After more than two decades as India's most popular cricketer, Sachin Tendulkar had left the stage after his 200th and final Test.

He made 74 in his final innings, and India won the two Tests against West Indies in less than six days, but all of that seemed secondary. This series, shoehorned into the calendar at the last minute, had been all about saying goodbye to one of the game’s greats.

Were some of the tributes overly cloying and sentimental? Of course. Did it disturb both believers and atheists alike to see a 40-year-old sportsman deified? Without a doubt. Just whose bright idea was it to dive-bomb Eden Gardens in Kolkata with 199 kilogrammes of rose petals? Did we really need commentators to describe his final moments on the field, when silence would have worked so much better?

These, though, are minor quibbles. Yes, if you go strictly by the Future Tours Programme, a document that countries other than India also pay lip service to.

Tendulkar would have been in South Africa now, preparing to play his 199th and 200th Tests. There are those who say that would have been a more apt farewell, against the best team of the day.

How many Indians would have been able to watch him, though? Unless extremely well-heeled or well-connected, fans would not have been able to make it to the Wanderers in Johannesburg or Kingsmead in Durban.

Would those venues have enabled him to read out a 24-minute love letter to family, friends, coaches, fans and the game itself? And while the way tickets were allocated and distributed in Kolkata and Mumbai was a disgrace, the two Tests did give Tendulkar a chance to bow out in front of his most passionate fans.

Is any individual bigger than the game?
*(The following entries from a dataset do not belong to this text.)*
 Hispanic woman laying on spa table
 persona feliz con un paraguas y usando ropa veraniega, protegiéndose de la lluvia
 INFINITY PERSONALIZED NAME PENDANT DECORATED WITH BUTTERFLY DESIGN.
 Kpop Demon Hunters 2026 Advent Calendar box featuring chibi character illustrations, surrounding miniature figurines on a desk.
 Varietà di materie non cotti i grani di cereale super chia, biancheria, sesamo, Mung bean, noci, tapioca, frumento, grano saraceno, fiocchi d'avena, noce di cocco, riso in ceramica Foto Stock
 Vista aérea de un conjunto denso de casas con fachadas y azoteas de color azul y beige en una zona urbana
Not even Tendulkar. But if you have followed sport in the country down the years, you would know just how big a factor he has been in Indian cricket’s rise to global preeminence. He was not just an agent of change. He embodied that change. There had been half-a-dozen great Indian cricketers before him. But not one who so swiftly and emphatically inspired a generation to shed an inferiority complex that went back decades.
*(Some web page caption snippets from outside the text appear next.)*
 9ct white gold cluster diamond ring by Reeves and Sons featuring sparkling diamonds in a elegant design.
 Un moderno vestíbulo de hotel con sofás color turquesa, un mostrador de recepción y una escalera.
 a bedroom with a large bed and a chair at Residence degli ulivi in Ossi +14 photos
That will be Tendulkar’s greatest contribution to India cricket, even more than the 15,921 runs or the 51 centuries.

MS Dhoni, the captain, was eight years old when the “Little Master” started playing. The rest of his teammates in Mumbai were even younger. Without exception, they grew up wanting to be like him. The man they found in the dressing room years later was no inaccessible legend. It was someone who went out of his way to make them feel they belonged.

After his century in Mumbai, the fifth of a short career, Cheteshwar Pujara spoke of how Tendulkar had helped him with a few technical adjustments in practice before the game.

“Not only me, but a lot of youngsters have got a lot of benefit from his inputs and the kind of conversations we have during the nets,” he said.

Doesn’t sound like the work of a selfish, record-seeker – as some made Tendulkar out to be – does it?

When India take the field for their next Test, at the Wanderers in a month’s time, the 10 survivors from Mumbai will boast a total of 187 caps.

To say they will confront a Tendulkar-shaped void does not begin to cover it.